Maintaining HVAC Equipment
Last updated November 2019
The most important maintenance task for both heating and cooling systems is something you can do yourself—replacing the air filter. Check your filter monthly until you see how quickly it gets dirty at different times of the year. When a filter has a matting of dirt—i.e., it’s difficult to see through when you hold it up to a light—it’s time to replace it (usually four to six times a year). If you aren’t sure how to tell when a filter is too far gone, ask a technician to show you what to look for.
A dirty filter makes your system work harder than it should, reducing performance and energy efficiency—plus it could spread dust throughout your house. An extremely dirty filter can be especially bad for heat pumps and air conditioners, since it can cause evaporator coils to freeze up and possibly cause the compressor to fail.
Air Conditioner/Heat Pump
One task you can do yourself for either an air conditioner or a heat pump is to clear debris away from the outdoor unit. Keep the unit’s grills free of grass clippings, leaves, and other debris, which can inhibit airflow. Through the winter months, clear away snow that accumulates around the outdoor unit of a heat pump. If snow regularly drifts in banks around your unit, check your owner’s manual to see if your unit has been installed to manufacturer’s specifications.
Other maintenance tasks are usually performed only by professionals. Condenser coils need to be checked for surface dirt and dust, and cleaned if necessary. Electrical connections and contacts need to be checked visually, and capacitors should be tested. Controls designed to protect the compressor from high or low pressure should also be tested. Finally, the refrigerant level should be checked, with refrigerant added as necessary.
Proper maintenance enhances your equipment’s performance, energy efficiency, and durability. If you do the tasks you can do yourself, however, it’s not clear how much benefit professional maintenance service provides.
Contractors will argue in favor of air-conditioner maintenance visits each spring before the cooling season, and heat pump visits each fall. But such contractors have an obvious bias: the more visits you pay for, the more money they make, and the better their equipment runs. Plus, maintenance visits take place before peak heating and cooling seasons, providing a welcome flow of revenue.
Equipment manufacturers have less motivation to endorse maintenance visits. Though regular checkups might help equipment achieve maximum lifespan, performance, and efficiency, a manufacturer can look good by claiming that its equipment can do without expensive maintenance. Nonetheless, most manufacturers recommend annual professional maintenance of air-conditioning and heat pump systems.

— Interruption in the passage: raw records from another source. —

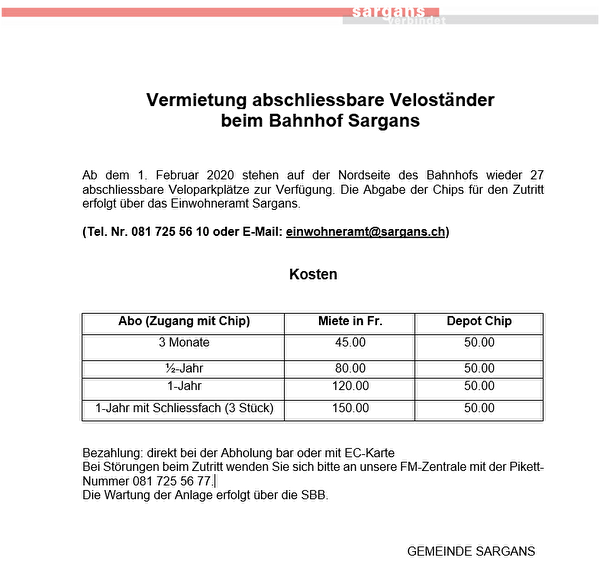 Gemeinde Sargans - Vermietung abschliessbare Veloständer beim Bahnhof Sargans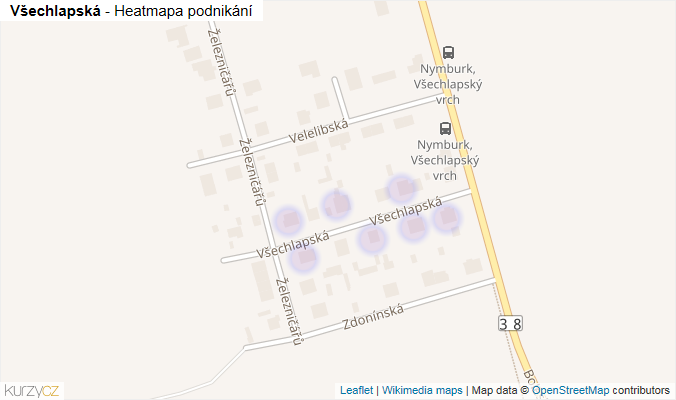 Mapa Všechlapská - Firmy v ulici.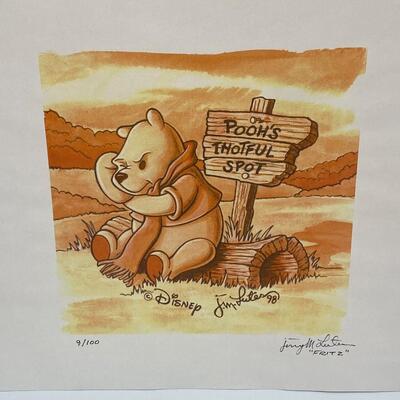 Limited Edition Pooh's Thoughtful Spot Disney Original Timepiece Art Fritz Lutes COA 9/100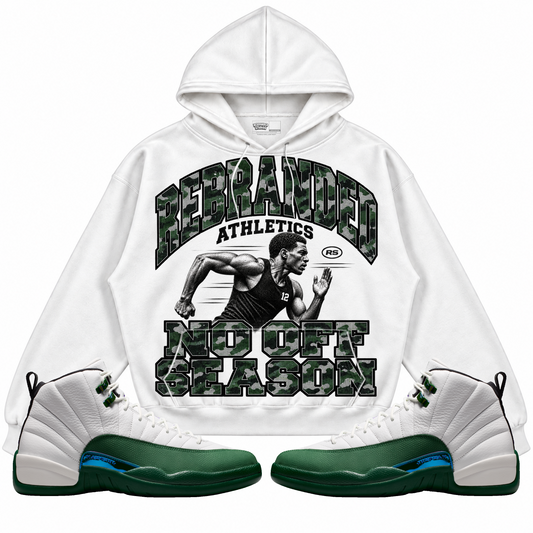 Rebranded Studios apparel — front styled with matching sneakers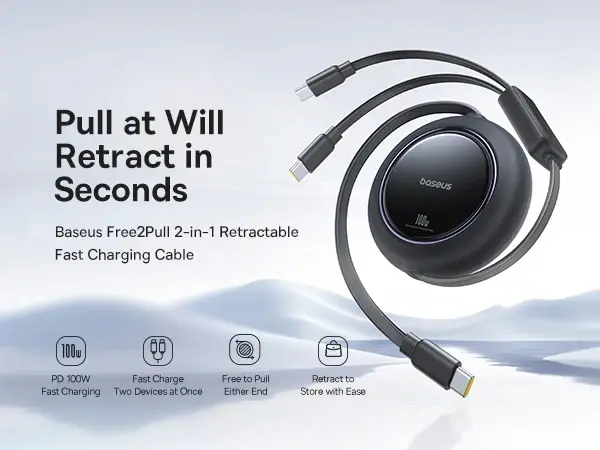 E0415504 Baseus Free2Pull Mini 2-in-1 Retractable Fast charging Cable USB-C to C+C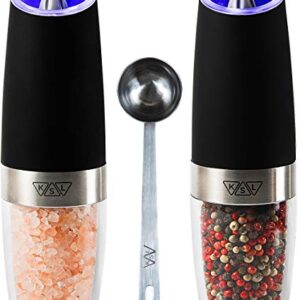 KSL Gravity Electric Salt and Pepper Grinder Set - Adjustable Motorized Electrical Powered Auto Shakers - Automatic Power Mill - Automated Battery Electronic Crusher - Christmas Mother's Day Gift Kit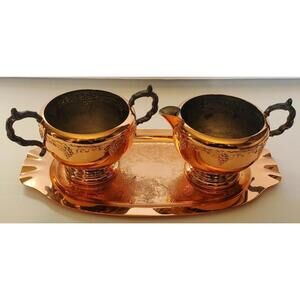 Vintage Viking Plated Sugar Creamer & Tray Set E.P. Copper Lead Mounts Grapevine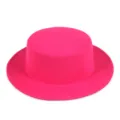 Vintage style hot pink flat-top boater hat with wide brim for autumn and winter - Rose Red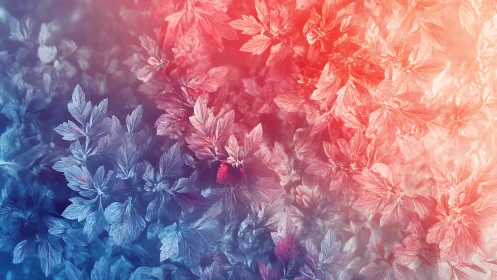 Bicolored foliage pattern under gradient tinted lighting.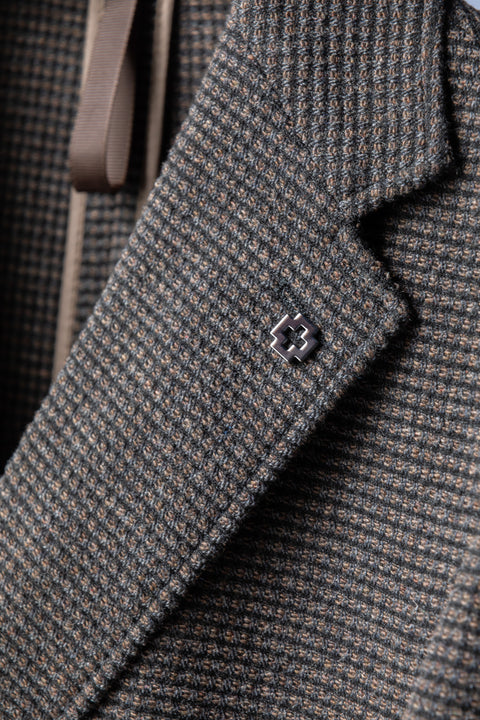 Strellson Textured Brown Knit Adwyn Blazer - Wool, Polyester, Viscose, Slim Fit - Detail View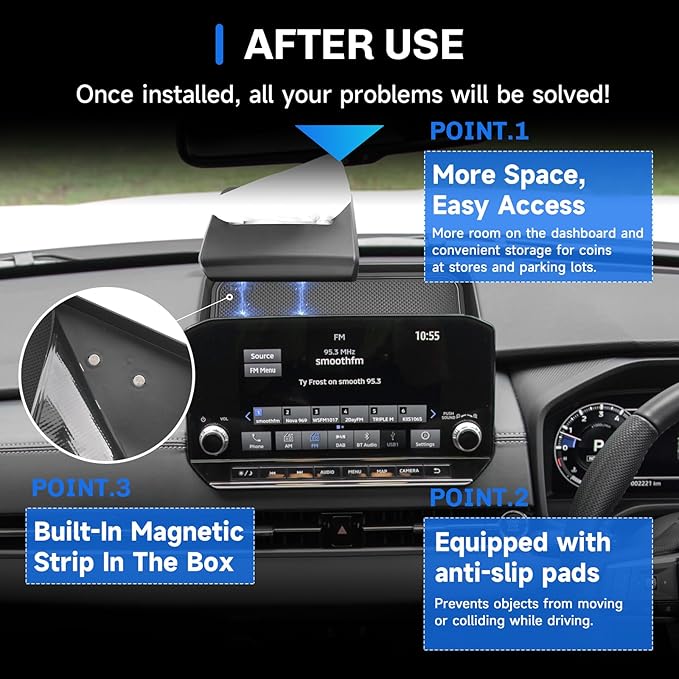 SXCY for 2022-2025 Mitsubishi Outlander Screen Back Organizer [Not for Outlander Sport] 2024 2025 Outlander Dashboard Tray 2024 2025 Outlander Accessories 2025 Outlander Behind Screen Tissue Tray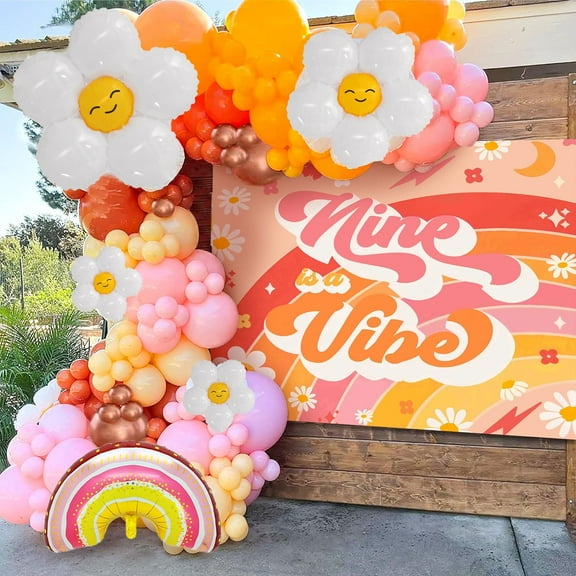 9th Birthday Party Decoration Set - "Nine is a Vibe" Themed Warm Orange Pastel Retro Background Board and Balloons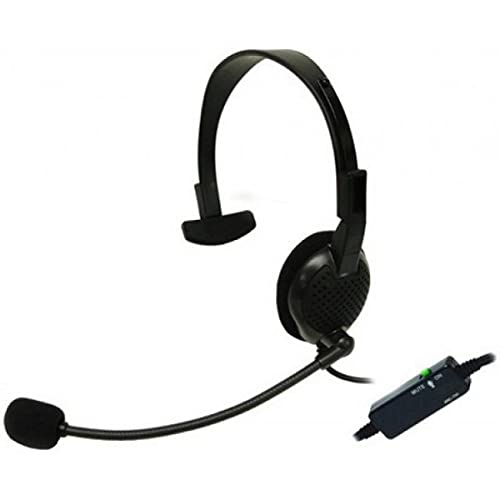 Norcon Communications TTUNCHS Noise Cancelling Two-Way Wired Headset with Microphone - Black - Ideal for Call Centers, Security Teams & Warehouse Communication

Yet there appears to be little hard data indicating that reductions in energy use or increases in equipment life offset the cost of professional maintenance. Clearly some systems run well despite forgoing years of professional maintenance. And contracting for yearly maintenance visits for air-conditioning equipment, for example, seems rather arbitrary. It is clear, for example, that the need for maintenance is greater if your system is old, heavily used, has much dust and pollen around it, contains aluminum wiring, or frequently breaks down. Also, maintenance is more justified in large houses, where a small percentage improvement in energy efficiency can produce substantial savings.
In the end, there is no absolute right answer on how often you’ll need maintenance. Ask the professional you deal with to explain any recommended maintenance interval.
Gas and Electric Furnaces
Gas and electric furnaces usually need less professional maintenance than other types of equipment. But it can be worthwhile to have a professional visit every year or so to clean and adjust your equipment for efficiency, and check for existing or potential leaks of fuel or combustion products.

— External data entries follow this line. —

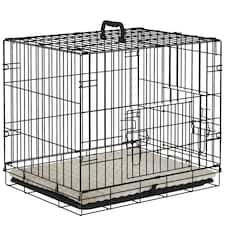 PawHut Dog Crate with Two Doors, Tray, Soft Cushion, for Extra Small Dogs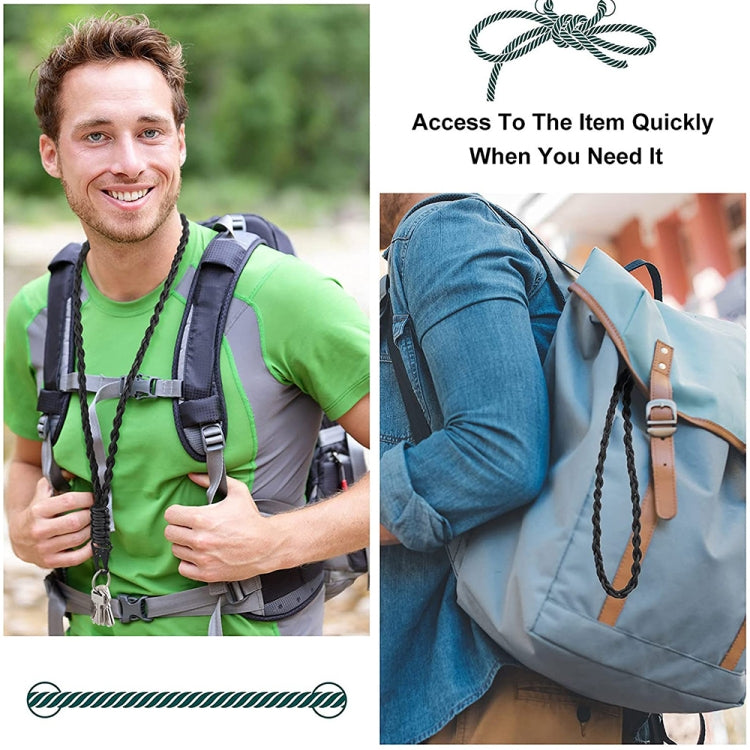 QD-258 Outdoor Multifunctional Hand-woven Metal Buckle Paratroopers Ropes Lanyard(Dark Blue) by bashfashion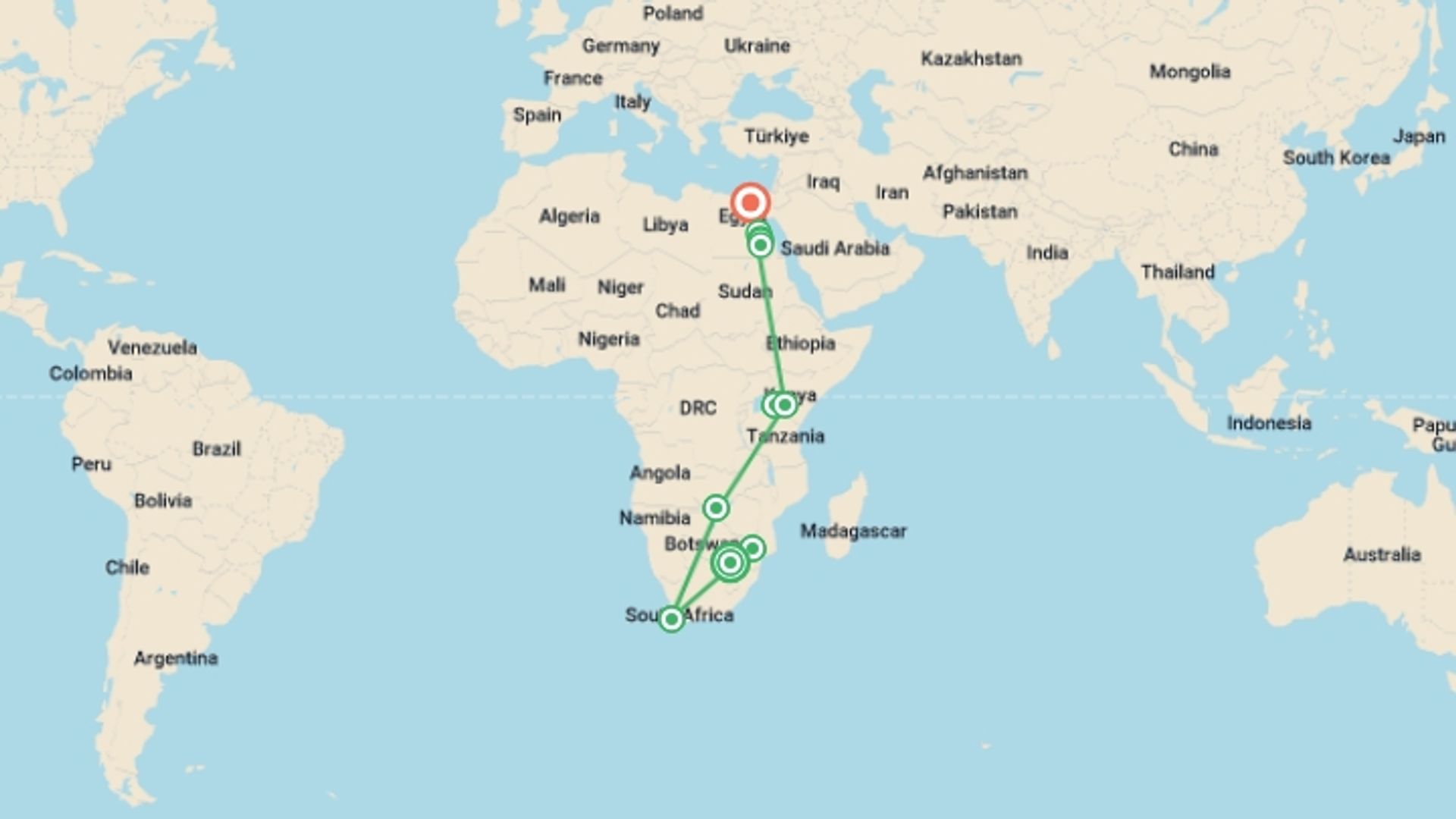 A map showing the tour itinerary for the trip: Cape Town to Cairo, starting in Johannesburg, South Africa and ending in Cairo, Egypt going through 9 other destinations.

An oil-burning furnace is the piece of equipment most likely to need regular preventive maintenance. Replacing nozzles and oil filters, adjusting excess air levels, and cleaning soot from the firebox can increase heating efficiency by 10 to 12 percent—even more in badly maintained systems. Find an expert who has the equipment and knowhow to measure carbon dioxide, flue gas temperature in the stack, “smoke number,” and the stack draft to perform this maintenance. Have the expert also check for dangerous smoke leaks and improper safety shutdown.
If you have a large house, where a few percentage points improvement in oil furnace efficiency would save the cost of a service visit, arrange for a professional to visit annually. But if your house is small, you can skip a year or two between visits.
Getting a Good Price
It’s easy to compare prices for maintenance-only service visits. Call companies that rate high for quality and ask their price for a maintenance-only service visit, assuming no repairs will be needed. Find out what is included in maintenance service. (For instance, will they clean condenser coils?) Expect to pay between $90 and $150 per visit. But because maintenance visits sometimes reveal the need for repairs, use a high-quality company that charges reasonable prices.